Personalized Fall Detection by Balancing Data with Selective Feedback Using Contrastive Learning

TL;DR

This paper introduces a personalized fall detection method that balances user feedback data using contrastive learning, significantly improving detection accuracy across different retraining strategies in real-world tests.

Contribution

It presents a novel framework combining semi-supervised clustering and contrastive learning to select and balance informative feedback samples for personalized fall detection.

Findings

TFS achieves up to 25% performance improvement.

FSL achieves 7% improvement, showing effectiveness.

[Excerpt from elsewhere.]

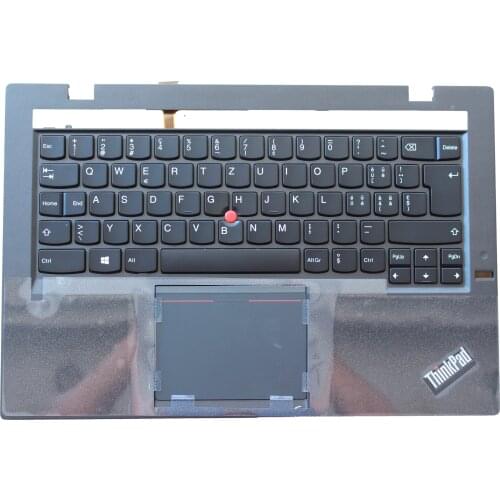 New Swiss C Cover with Backlit Keyboard [Big ENTER Key] with Track Point for Lenovo ThinkPad X1C 2014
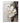 Abstract 2 White Flowers 3d Heavy Textured Partial Oil Painting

Framework adapts well across different learning paradigms.

Abstract

Personalized fall detection models can significantly improve accuracy by adapting to individual motion patterns, yet their effectiveness is often limited by the scarcity of real-world fall data and the dominance of non-fall feedback samples. This imbalance biases the model toward routine activities and weakens its sensitivity to true fall events. To address this challenge, we propose a personalization framework that combines semi-supervised clustering with contrastive learning to identify and balance the most informative user feedback samples. The framework is evaluated under three retraining strategies, including Training from Scratch (TFS), Transfer Learning (TL), and Few-Shot Learning (FSL), to assess adaptability across learning paradigms. Real-time experiments with ten participants show that the TFS approach achieves the highest performance, with up to a 25% improvement over the baseline, while FSL achieves the second-highest performance with a 7% improvement, demonstrating the effectiveness of selective personalization for real-world deployment.